Stored entries:
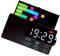 HOMSFOU Alarm Clock Speaker Faltbarer Musik Und Fm-Radio-wecker Mit USB-ladefunktion Und Dimmbarem Display Für Schlafzimmer Und Wohnzimmer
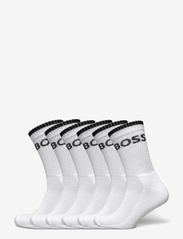 BOSS - 6P QS Stripe CC - regular socks - white - 0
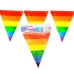 Gaysentials Rainbow Striped Pennants Decoration 12 Feet Multi-Color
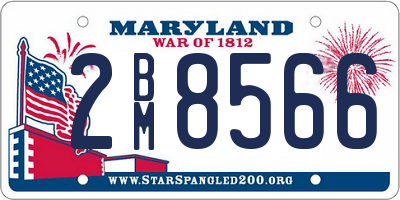 MD license plate 2BM8566
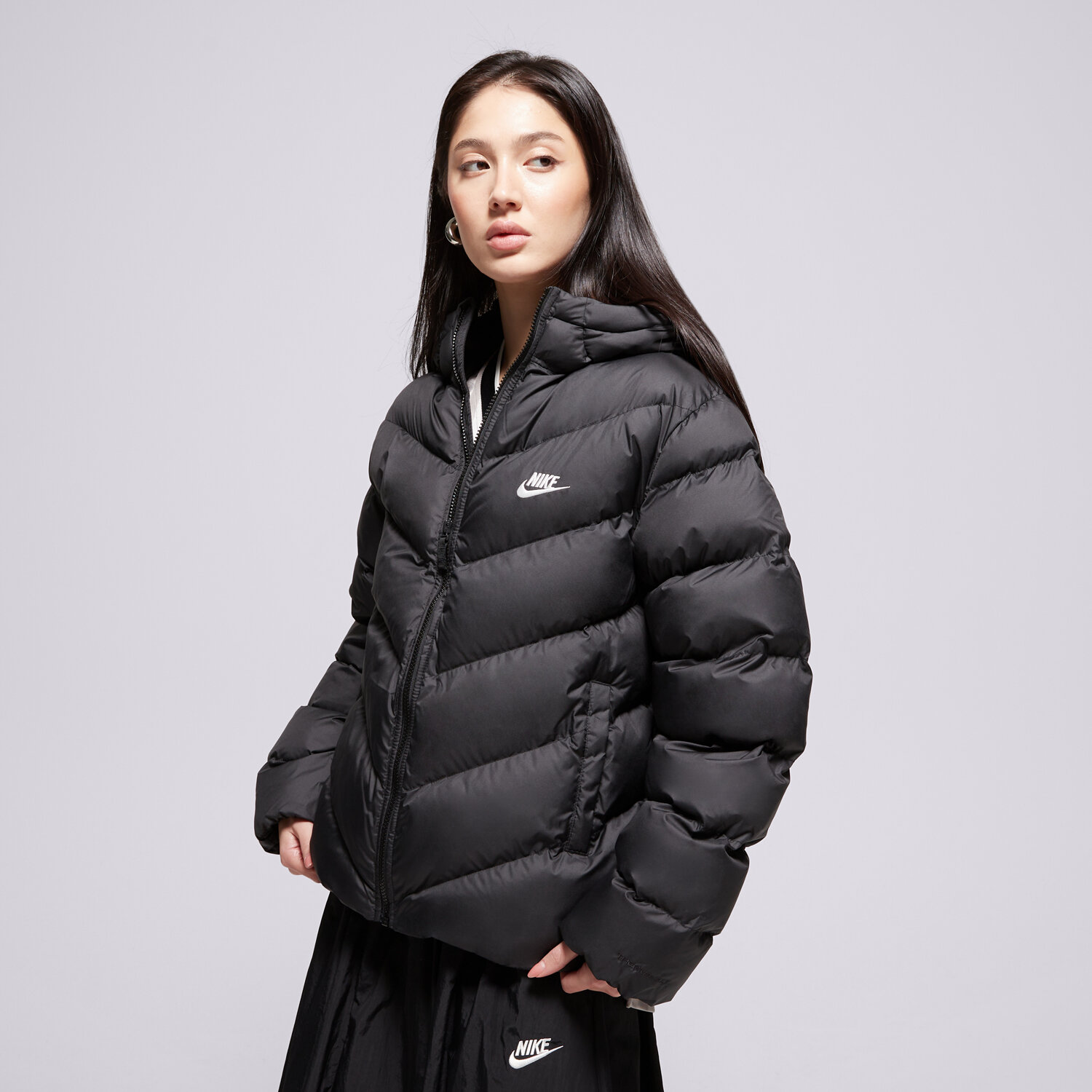 Kinder Übergangsjacke NIKE DAUNENJACKE K NSW TF ADP PUFFER BOY HQ4976-010 Schwarz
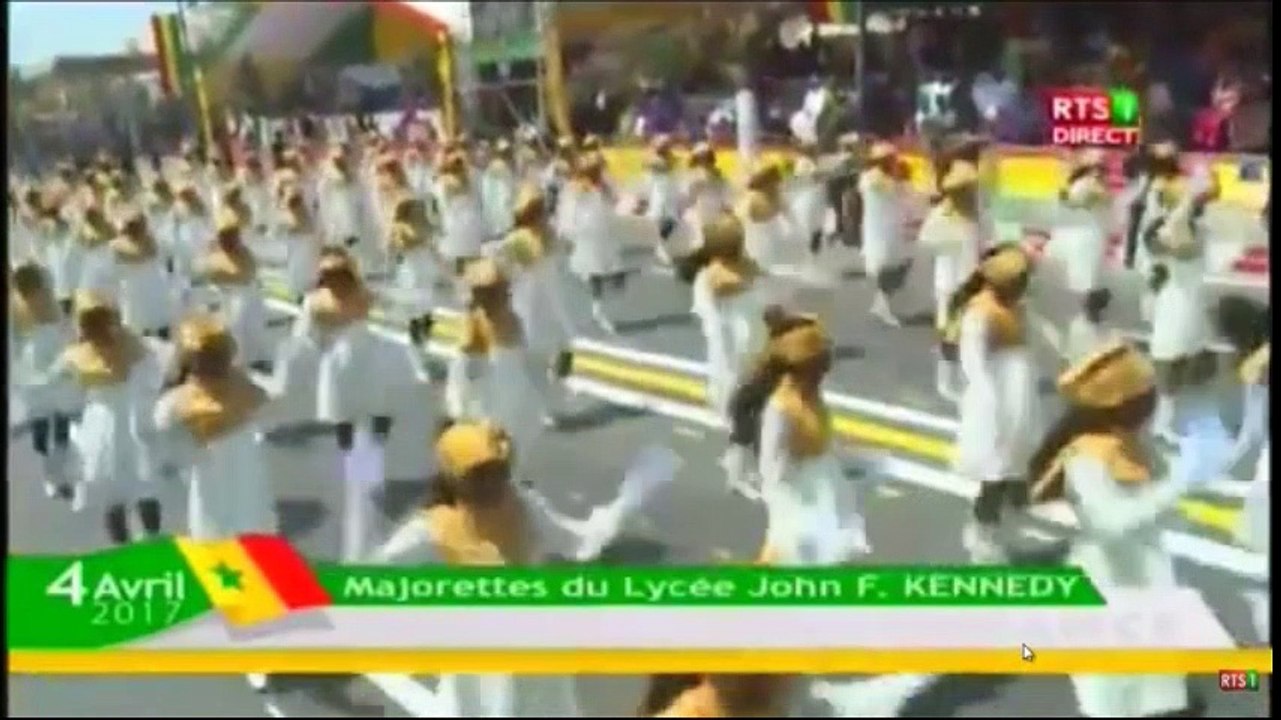 féte indépendance 4 avril 2017 - LesMajorettes du Lycée John F. KENNEDY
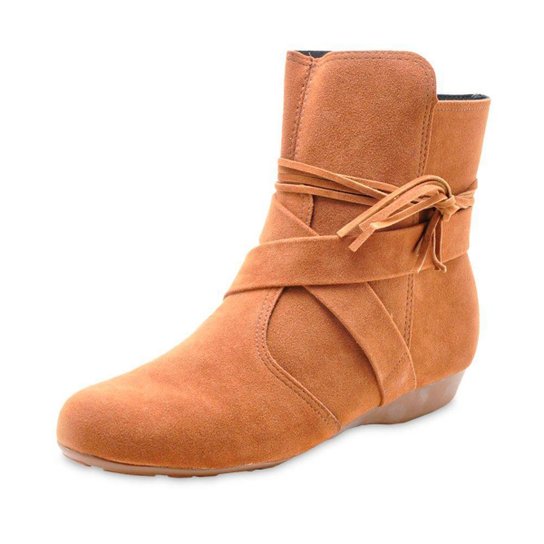 Bota Feminina Cano Curto Beira Rio 9001823 Pinhao 1458 - Marrom Claro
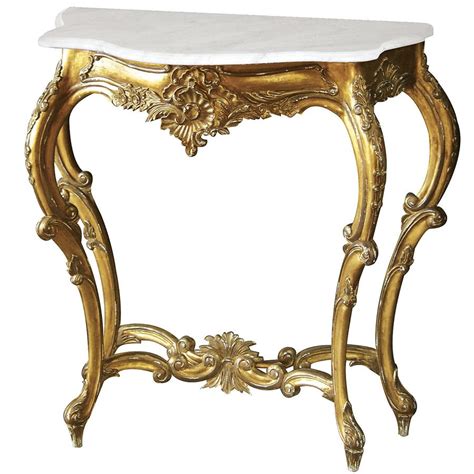 Small Gilt Console Table With Images Shabby Chic Console Table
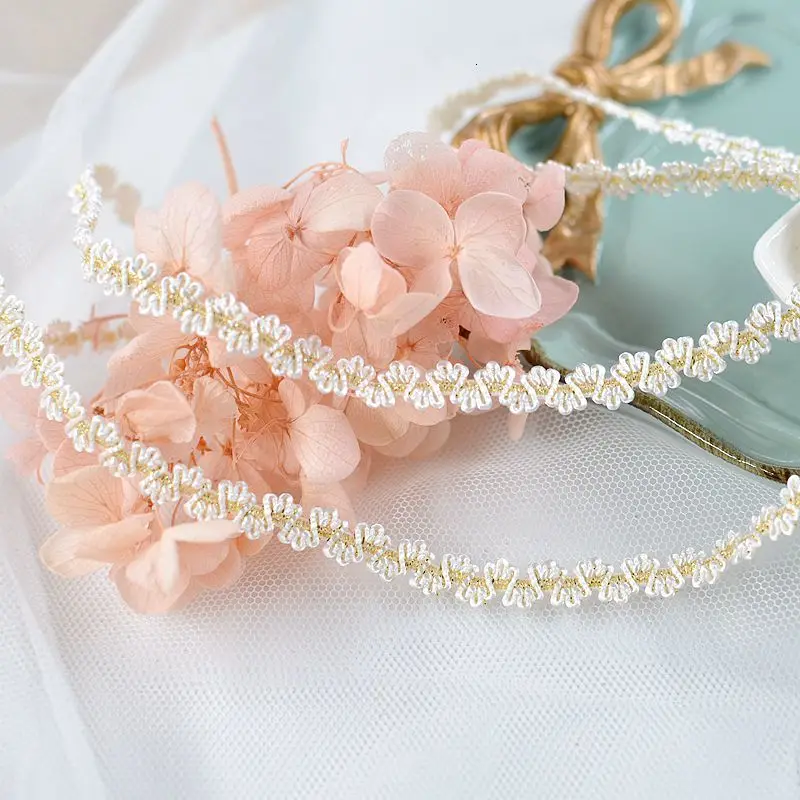 Spandex Gold Elastic Lace Ribbon DIY Trendy Hat Headdress Bracelet Anklet Necklace Making Decoration Swimsuit Bra Sexy Trim lace ribbon lace garment accessories lace sewing supplies lace decoration lace accessories lace sewing accessories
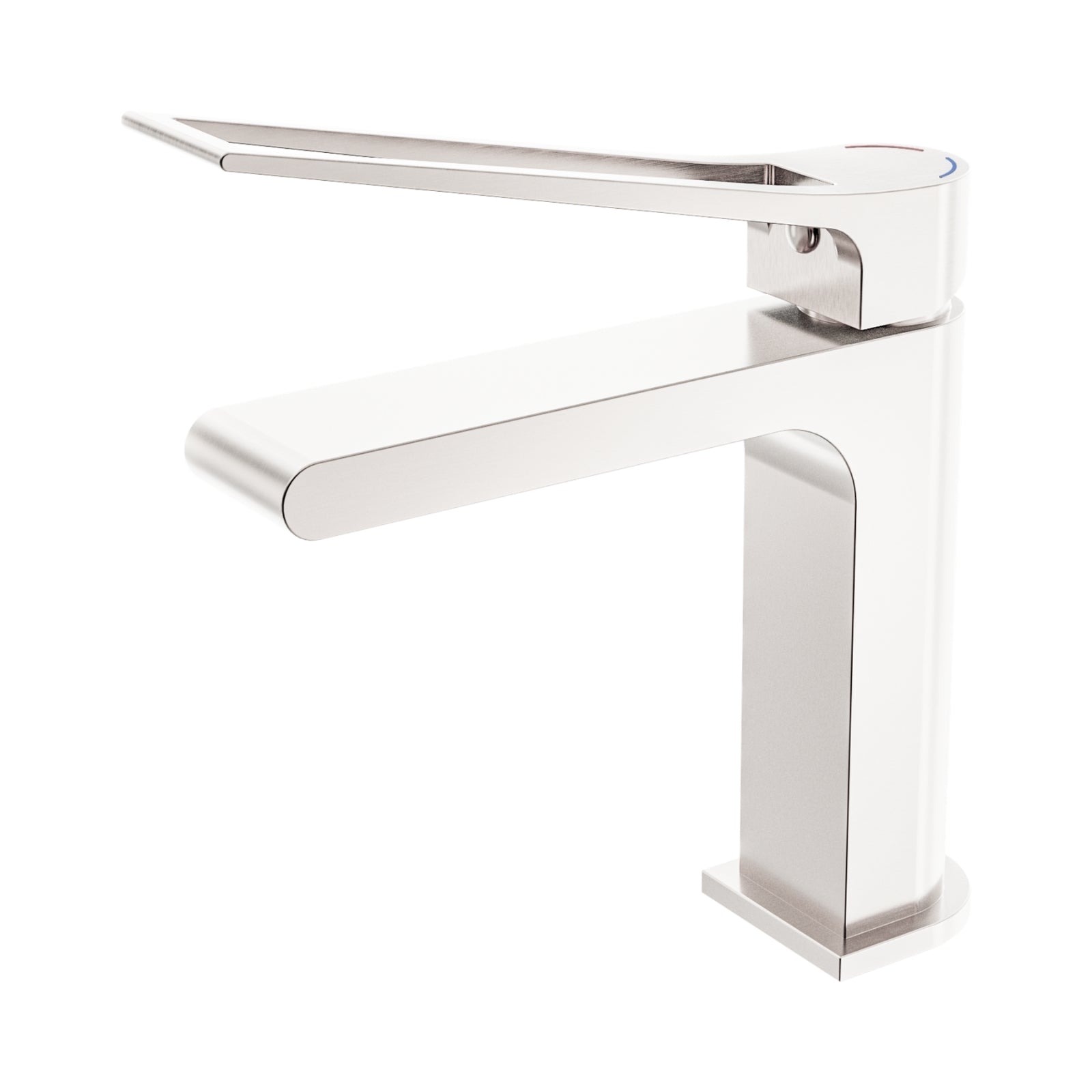 Nero Bianca Care Basin Mixer Brushed Nickel NR321502ABN - The Blue Space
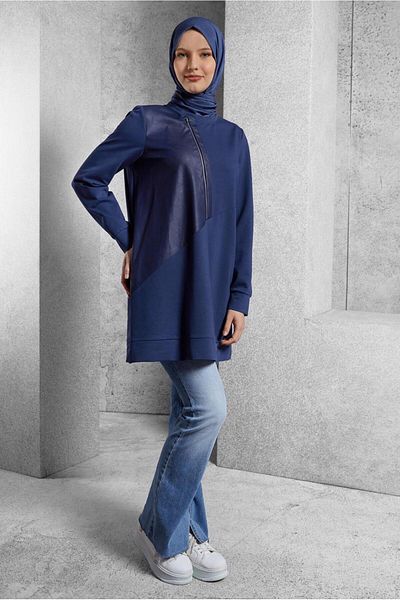 Alvina Zipper Detail Tracksuit Tunic 45133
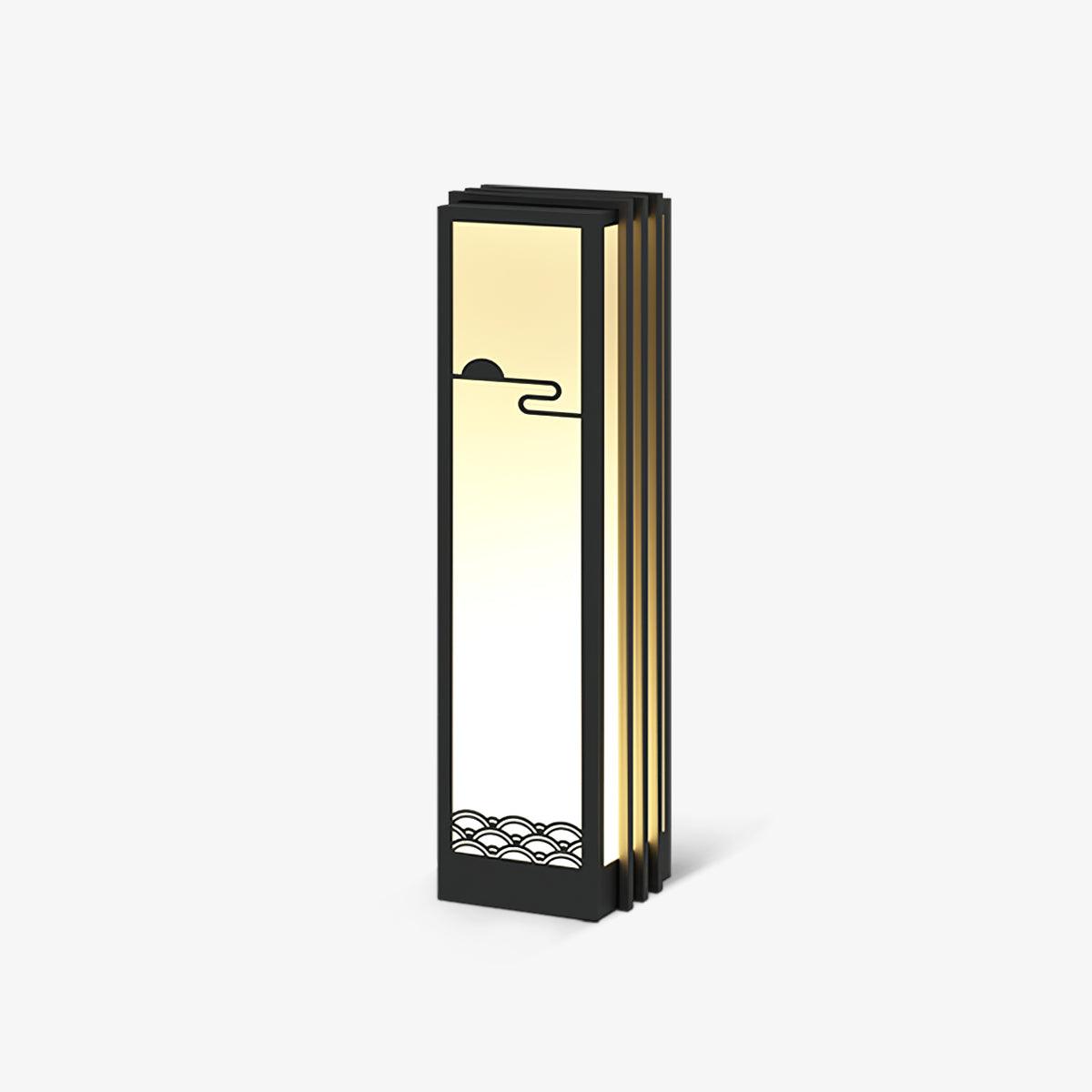 Modern Black Sunrise Pattern Outdoor Light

**About this exercise**:
Your copy should hold only the lines from the line with "féte indépendance 4" through the end of the data above, both ends included, transcribed exactly and without pictures.

**Result for this task**:
 féte indépendance 4 avril 2017 - LesMajorettes du Lycée John F. KENNEDY
 Bota Feminina Cano Curto Beira Rio 9001823 Pinhao 1458 - Marrom Claro
 Small Gilt Console Table With Images Shabby Chic Console Table
 Spandex Gold Elastic Lace Ribbon DIY Trendy Hat Headdress Bracelet Anklet Necklace Making Decoration Swimsuit Bra Sexy Trim lace ribbon lace garment accessories lace sewing supplies lace decoration lace accessories lace sewing accessories
 Nero Bianca Care Basin Mixer Brushed Nickel NR321502ABN - The Blue Space
 Alvina Zipper Detail Tracksuit Tunic 45133
 Modern Black Sunrise Pattern Outdoor Light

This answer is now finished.